Des pas de deux enfiévrés avec sa partenaire Erika Poletto qui nous donneront des frissons jusqu’au bout de nos extrémités, en éveil permanent, unissant notre souffle à celui des danseurs, vivant ainsi leur passion exaltante dans un hymne à l’amour révolutionnaire.
Une cour sensuelle, animale, s’établit, se connecte entre Enée et Didon dans une précision du geste éblouissante, fascinante. Des glissés, des jetés, des épaules, des déhanchés, qui s’accordent dans une coordination au centimètre près, à la note près, dansés sur un rythme effréné. Un considérable travail d’orfèvre qui s’efface devant tant de grâce, de sensibilité.
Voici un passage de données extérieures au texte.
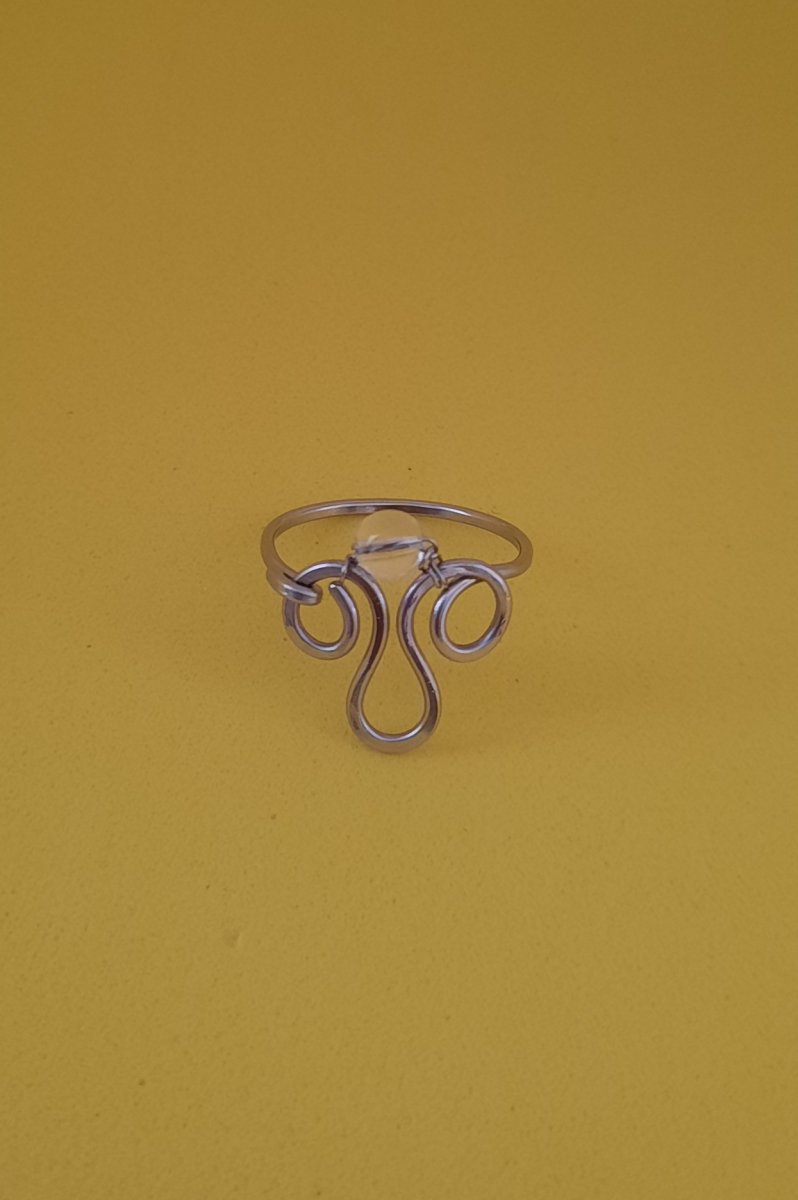 Andělský prsten s křišťálem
La conjugaison des planètes sous l’orage annoncé renforce dans un tonnerre fracassant cette quête de l’absolu où l’explosion de l’amour pointe son horizon annonciateur de la fin d’une idylle.
Trois actes et un prologue qui malmènent nos deux danseurs complètement investis dans leur transposition de cet amour mythique avec un Samir Calixto qui tel un Glenn Gould alimente sa gestuelle par des sons marqués d’une empreinte, d’une présence enthousiaste à la passion décuplée de vivre.
Chacun dans leur solo nuancé par leur intensité, leur puissance, viendra dans un travail des lumières remarquable de Pavla Beranová promouvoir son amour qu’il dévoue à l’autre, cherchant sa place dans ce couple qui ne demande qu’à s’aimer d’un amour total et sincère.
En sont-ils seulement capables ou incapables ?
A la recherche de l’amour : trouveront-ils leur place dans cet univers en perpétuel mouvement ?
Le télescope présent sur cette scène à la blancheur virginale apportera-t-il la réponse ?
Un télescope qui permet dans certaines occasions d’approfondir la recherche de la lumière qui éclaire notre couple dans cette nuit orageuse.
Le dernier acte dépouillé de toutes contraintes vestimentaires, de toutes peaux, suggérant un barrage à la sincérité de leur amour marquera par son intensité l’union sacré de deux êtres surveillés par les dieux de l’Olympe qui n’ont pas dit malheureusement leur dernier mot…dans un rougeoiement du plus bel effet.
Erika Poletto – Didon et Samir Calixto – Enée, un couple à la fois mythique et ancré dans le présent dans une passion dévorante qui pose la question de la place de l’Amour dans le couple, la vie.
Une création qui marquera ce festival « Le temps d’aimer la danse » pour laquelle le public a réservé une ovation sincère et méritée.
« Dido Æneas Us & All » au Théâtre du casino municipal de Biarritz, le 14 septembre 2022.